Identifying the Opportunities

If you are visiting MMM, chances are that you’ve already identified the opportinuity that mobile can and does play within life around you. You might even have realized that there’s an inroad within your ministry or organization that can be better developed within the lens of mobile processes or actions. Just having a realization isn’t enough, and many time, what’s signifiant about an opportnunity to utilize a new tool isn’t the possibilities with it, but the tangeable results afterwards.

As any person who has done process design or even some kind of system/process analysis will tell you, opportunities are best defined by being able to track progress and replicate the successes. In the context of mobile ministry, this is no different – however, identifying the real opportunity from the pie-in-the-sky ones does present a problem. Here are some of the questions MMM has posed to groups in the past:

  • How many people will be needed to setup and support the technology and administrative efforts?
  • What are the reasonable levels of participation compared to the histories of other activities?
  • What are the costs you see/don’t see?
  • What event could drastically change the outcome of this effort (positively or negatively)?
  • What are the social implications of this effort? Is there a point of no return?

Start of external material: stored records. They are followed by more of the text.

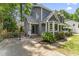 Two-story home with manicured landscaping, long driveway and basketball hoop at 2708 Halfhitch Trl, Raleigh, NC 27615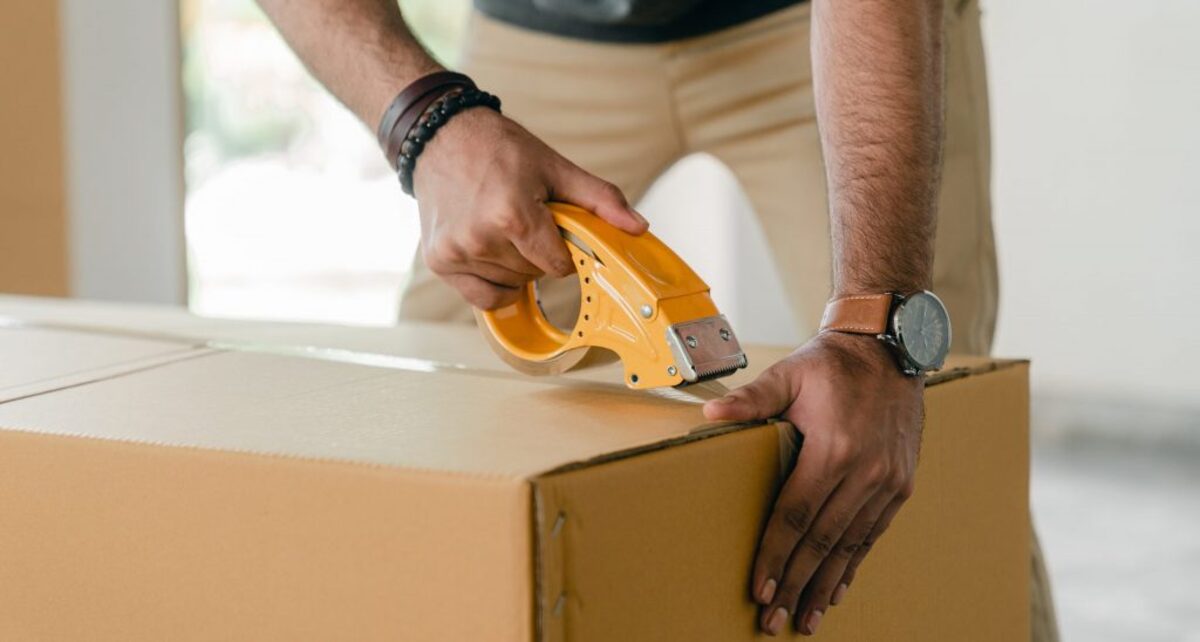 Crop man taping carrying box with scotch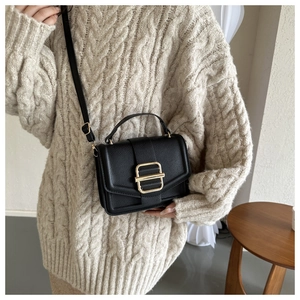 Detail of black pebbled leather crossbody bag with elegant gold rectangular metal buckle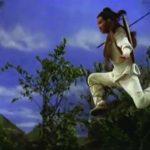 The picture shows a man jumping in nature.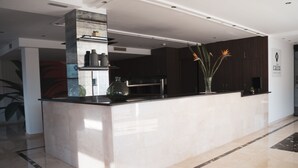 Una cocina moderna con encimera de mármol, armarios oscuros y un florero con flores.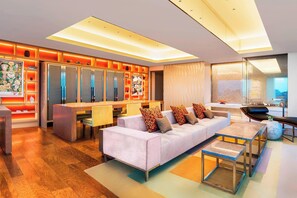 A modern living room with a sofa, coffee table, and a dining area with chairs.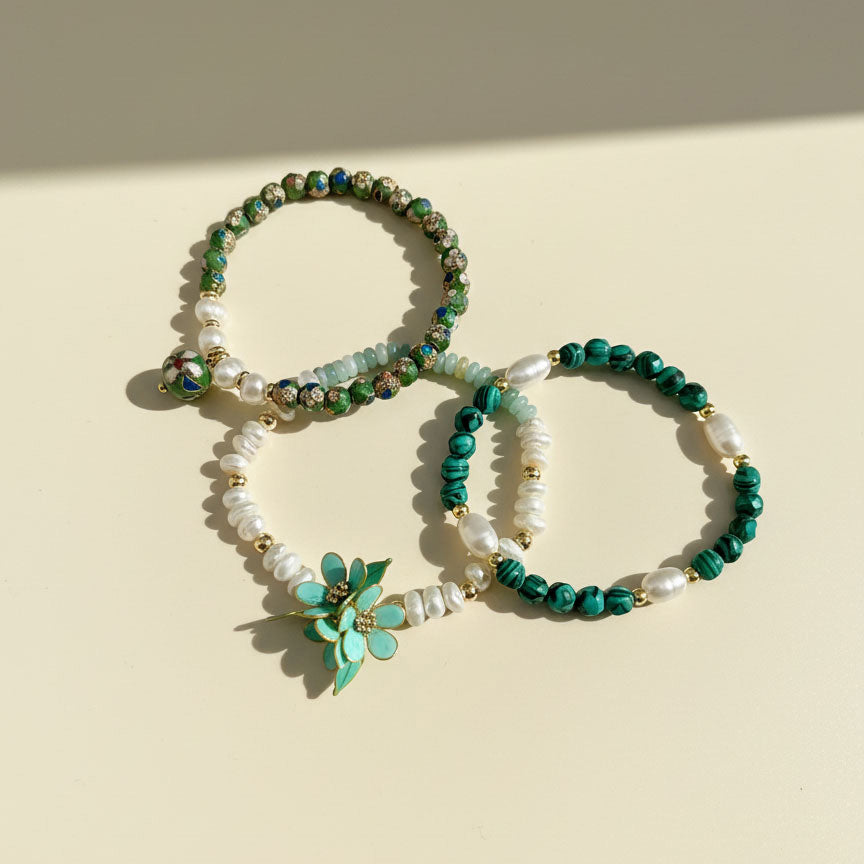 Three beaded bracelets with green and white stones on a beige background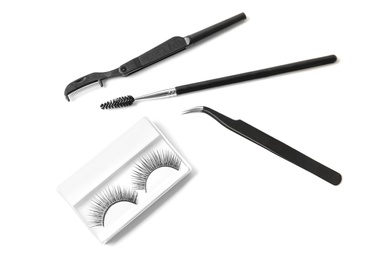 Composition with false eyelashes and tweezers on white background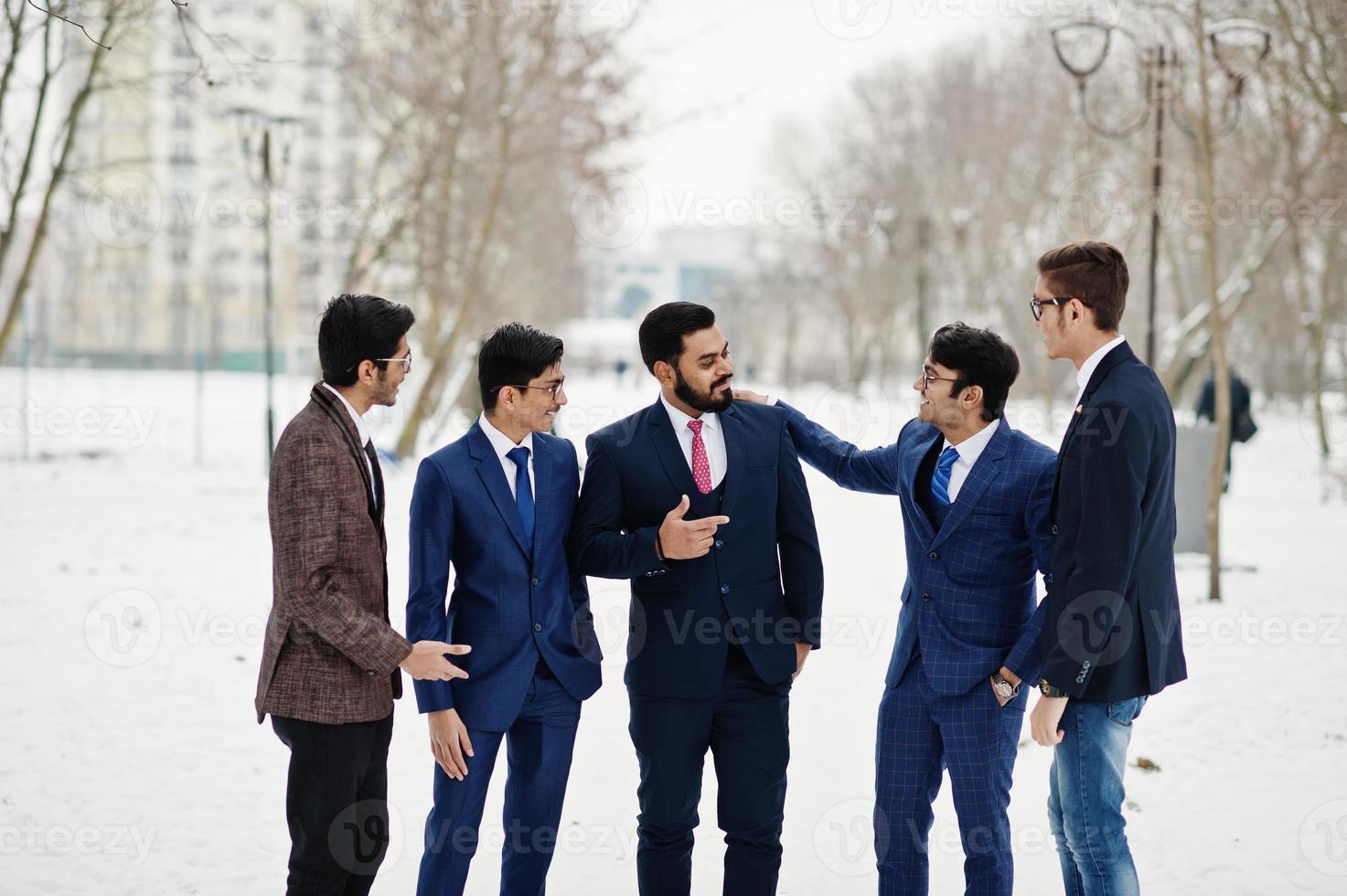 grupp av fem indisk affärsman i kostym poserade utomhus och föra en diskussion i vinterdag i Europa. foto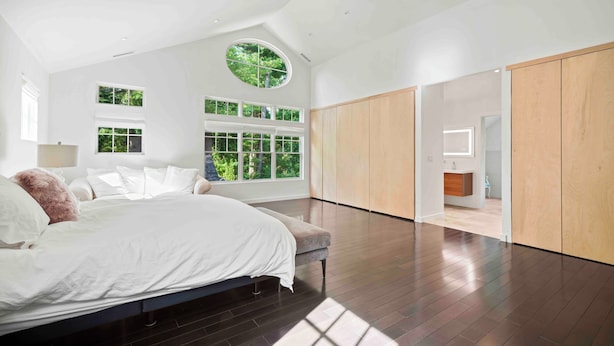 Un dormitorio moderno con una cama grande, un tragaluz circular y vistas al exterior con vegetación.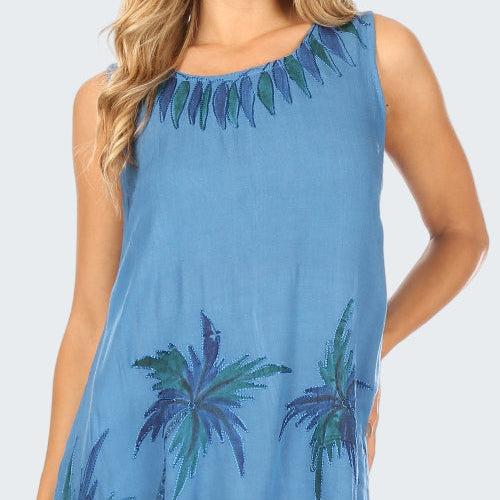 Blue dress with palm tree pattern worn by a model on a white background
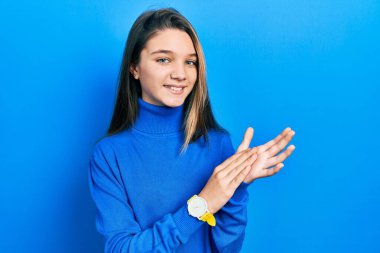 Balıkçı yaka kazak giyen genç esmer kız alkışlıyor ve mutlu ve neşeli, gururlu elleri alkışlıyor. 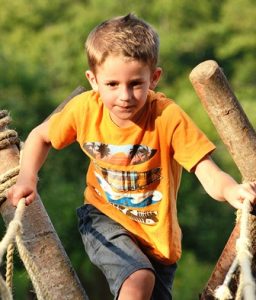 Milo Holtschlag, 6, challenges himself to cross the rope bridge offered by Boy Scout Troop 1. 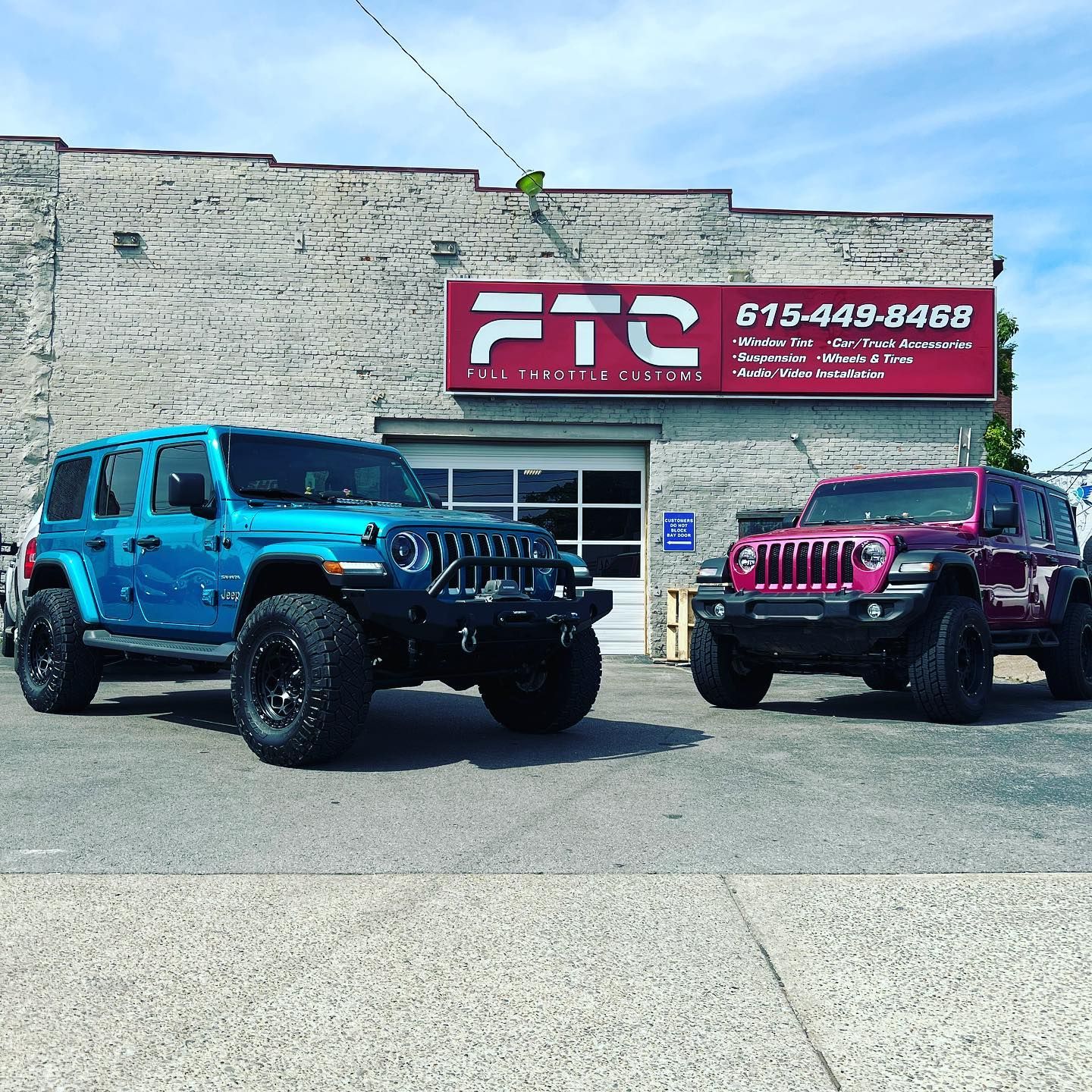 Blue and magenta lifted Jeep Wranglers parked outside an FTO auto shop sign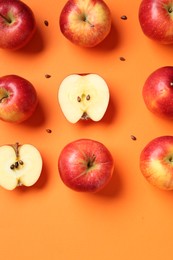 Photo of Fresh red apples and seeds on orange background, flat lay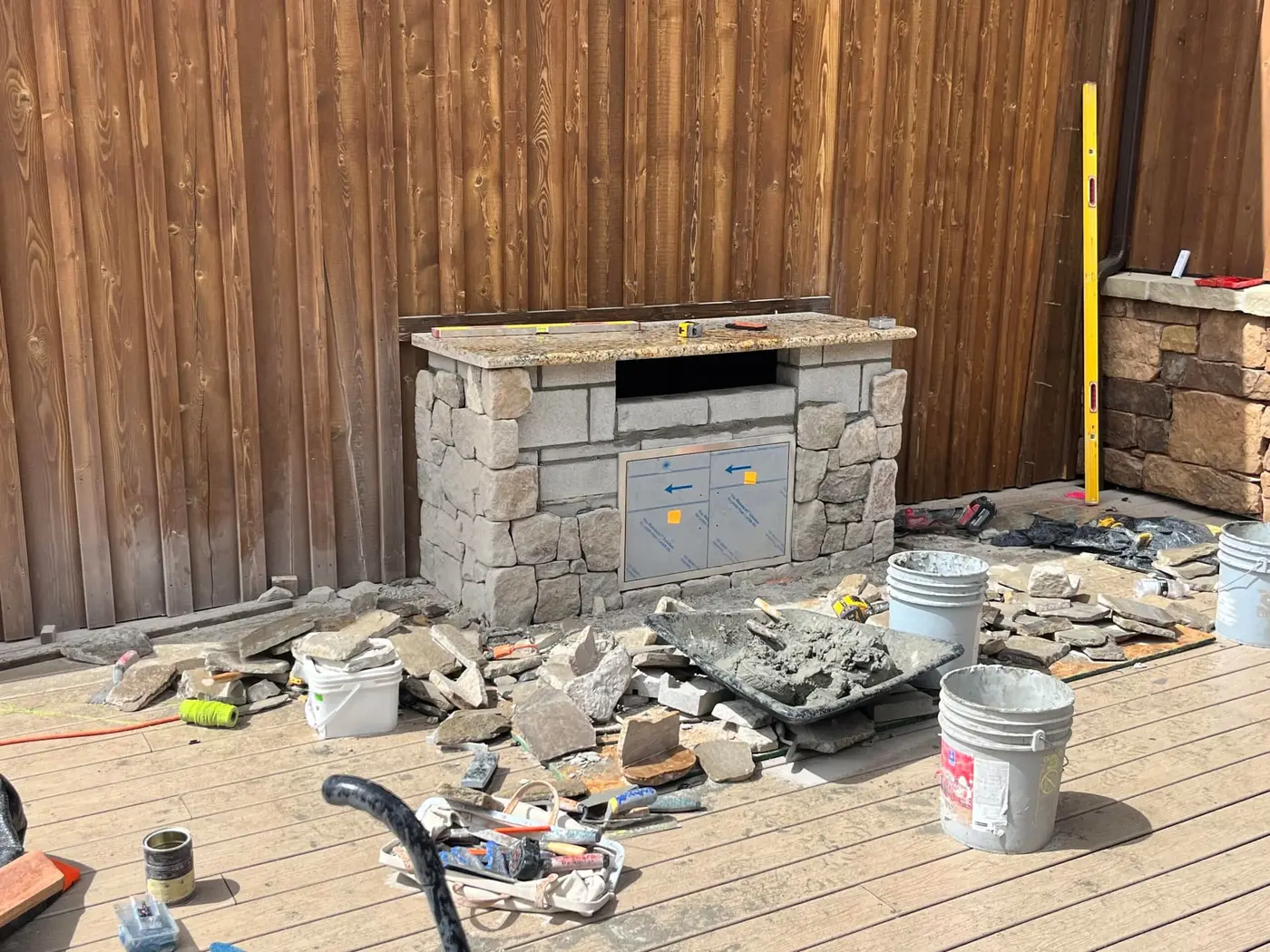 Grill island masonry under construction with appliance cutouts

Questions such as these can be asked before making a step forward in order to better understand the scope of the proposed opportunity. Once these questions are addressed, the idea of what’s a clear opportunity and what isn’t not only becomes clear, but then moving forward towards ministry that’s enabled my mobility becomes something less likely to meet the kinds of resistances which should have been considered beforehand.

What you can’t do is be afraid to take a chance. Innovation demands that you put down the teathers of success or failure and embrace adventure at the cost of engaging others within this faith journey. Yes, some efforts will cost more (people, resources, financally, etc.) than others; and clearly, there are some things that depending on the context that you just should not do; but there is never a reason to not try something new. Mobile is too new of a context for a group not to.

Identifying an opportunity for mobile-enabled minsitry should not be looked at as a means to boost numbers for anything except the household of faith. We should not be looking at creating a new digital community, or another layer to people interacting within [our] faith communities without first looking to address areas of need – personal, communial, social, legal, etc. – that enable the fruit of the “good news” (John 13:34-35) to be seen, consumed, and multiplied (Matthew 28:18-20).

Then, the results of our excursions into mobile would be seen and received with gladness (or even greater tribulation, which is also a sign of vindication), and the risen Christ is rightly credited with taking opportunity of the moment, and we are thanked for being in position to be utilized as vessels for His moment (Zechariah 14:20-21).